* Directions for this task: In the entries below, find the lines that contain the word "kitchen" and copy them.

[Brief descriptive captions]
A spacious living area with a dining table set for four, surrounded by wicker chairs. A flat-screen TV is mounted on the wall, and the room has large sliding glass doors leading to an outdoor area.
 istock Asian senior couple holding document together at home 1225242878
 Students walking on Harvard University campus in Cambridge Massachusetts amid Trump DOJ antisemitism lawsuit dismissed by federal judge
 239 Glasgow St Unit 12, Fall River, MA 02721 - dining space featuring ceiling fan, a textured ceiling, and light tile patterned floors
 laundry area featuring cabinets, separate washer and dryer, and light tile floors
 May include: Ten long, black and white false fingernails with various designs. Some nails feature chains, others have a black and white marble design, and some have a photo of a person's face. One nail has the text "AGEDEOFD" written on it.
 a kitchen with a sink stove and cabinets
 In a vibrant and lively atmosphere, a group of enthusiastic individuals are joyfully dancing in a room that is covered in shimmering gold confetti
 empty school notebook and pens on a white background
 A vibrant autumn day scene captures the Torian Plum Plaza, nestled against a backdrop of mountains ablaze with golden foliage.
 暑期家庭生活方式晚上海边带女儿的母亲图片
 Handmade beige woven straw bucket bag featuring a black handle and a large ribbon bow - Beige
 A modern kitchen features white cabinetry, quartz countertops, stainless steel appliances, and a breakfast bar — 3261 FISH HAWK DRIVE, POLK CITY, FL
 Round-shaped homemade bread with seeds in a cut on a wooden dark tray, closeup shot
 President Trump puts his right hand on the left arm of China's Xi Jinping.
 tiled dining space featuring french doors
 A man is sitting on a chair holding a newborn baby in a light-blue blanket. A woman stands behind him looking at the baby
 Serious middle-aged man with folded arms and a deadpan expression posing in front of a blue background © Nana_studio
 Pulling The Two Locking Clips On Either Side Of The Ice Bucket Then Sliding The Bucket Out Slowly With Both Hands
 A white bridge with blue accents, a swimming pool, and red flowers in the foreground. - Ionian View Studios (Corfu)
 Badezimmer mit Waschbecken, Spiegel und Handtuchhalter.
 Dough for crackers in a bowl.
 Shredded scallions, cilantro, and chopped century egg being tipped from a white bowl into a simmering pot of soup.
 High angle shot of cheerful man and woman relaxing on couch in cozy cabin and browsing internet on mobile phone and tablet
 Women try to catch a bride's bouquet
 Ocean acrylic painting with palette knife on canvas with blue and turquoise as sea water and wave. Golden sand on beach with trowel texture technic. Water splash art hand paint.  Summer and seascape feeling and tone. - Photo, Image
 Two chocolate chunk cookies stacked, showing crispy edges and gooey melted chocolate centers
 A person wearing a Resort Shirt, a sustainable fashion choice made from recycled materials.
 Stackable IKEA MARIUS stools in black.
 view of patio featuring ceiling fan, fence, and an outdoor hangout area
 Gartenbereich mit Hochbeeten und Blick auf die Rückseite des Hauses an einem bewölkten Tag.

* Solution to this task:
 a kitchen with a sink stove and cabinets
 A modern kitchen features white cabinetry, quartz countertops, stainless steel appliances, and a breakfast bar — 3261 FISH HAWK DRIVE, POLK CITY, FL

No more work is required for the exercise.